By Mark Lum, independent telecoms consultant
Day 3 brings the end of WDM and a time for delegates to ask each other "What did I learn?", "What was new in 2009?", "What's the big trend?", "Who's up?", and "Who's down?". Some questions can easily be answered by reading newspaper headlines — whilst others are more complex, or working on difficult-to-discern evolutionary timescales. Friends, colleagues and other delegates I've spoken to have a positive view on the conference, in these difficult economic times.
We have all enjoyed hearing the latest 100G developments from many vendors, but your watchful diarist must also report that the operators speaking here at WDM seem to be on different agendas. Deutsche Telekom alone — with some of the highest density routes in Europe — held the 100G banner with a detailed set of requirements and implementation scenarios
National operators such as KPN, Swisscom and Telekom Austria (and also DT) presented their challenges, thoughts and strategies for re-architecting their infrastructure and deploying new OTN WDM elements; handling "legacy" SDH-based services remains a long-term need.

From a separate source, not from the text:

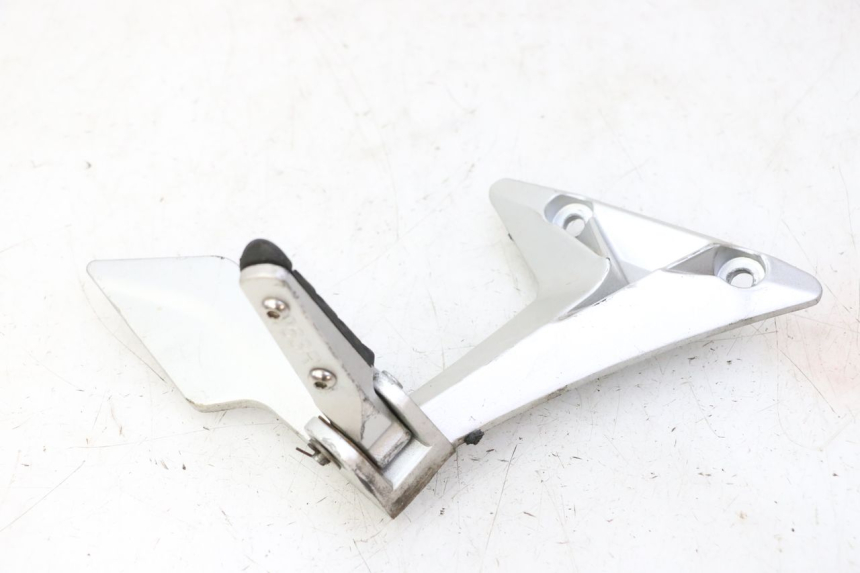 photo de SOPORTE ESTRIBERA TRASERA DERECHA STAHO FH 50 (2018 - 2019)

Bharti Airtel, from further afield, reminded us that things are not always as smooth: dust, heat, humidity and an unreliable electric supply provide a much higher stress level for networks. If you're experiencing a high rate of fibre cuts, squeezing all your traffic onto multi-lambda 100G links may not be the wisest strategy! A mesh-based, multi-path protection scheme using lower capacity channels would probably provide a more robust network.
Office consolidation is moving up the agenda, as national operators here express intentions or plans to close local exchange facilities and make use of WDM backhaul — perhaps even WDM-PON — to concentrate active electronics at fewer network locations. Lower opex, improved reliability, reduced power, smaller real-estate: the strategic benefits of such an upheaval can be easily identified, with a serious amount of cost-saving in prospect.
Direct optical routing (IP bypass or router bypass, if you like) has been simmering on the industry agenda for a few years. To a vendor, "IP-Optical integration" means a converged packet optical network element, or DWDM interfaces on routers. However, to operators such as Orange and Telefonica, it means an optimised network architecture based on traffic flows. With operators worried about costs, this issue has now come to the boil: we'll see much more of this.
Alas, there was far more at WDM than I can comfortably even mention. In the FibreSystems Europe Future of Photonic Networks seminar, a focus on power consumption rubbed shoulders with developments in photonic integrated circuits and 100G components.
Today also brought the OIF's global interoperability demonstration to Europe. Linking seven nodes from China Telecom, Deutsche Telekom, KDDI, NTT, Orange Labs, Telecom Italia and Verizon, the OIF showed that Ethernet VPL services can be provisioned, on-demand, across global networks, and supported with end-end service restoration using E-NNI.
Many questions remain as the delegates head homewards, perhaps the most common one: "Will WDM be held in Nice again next year, or return to Cannes?" I tend myself towards Cannes, but like many, have also found Nice to be a refreshing change. Regardless of location, the speakers and contributors at all levels have ensured a remarkable content quality and session engagement: sometimes until 18:30 in the evening. Hope to see you at WDM 2010!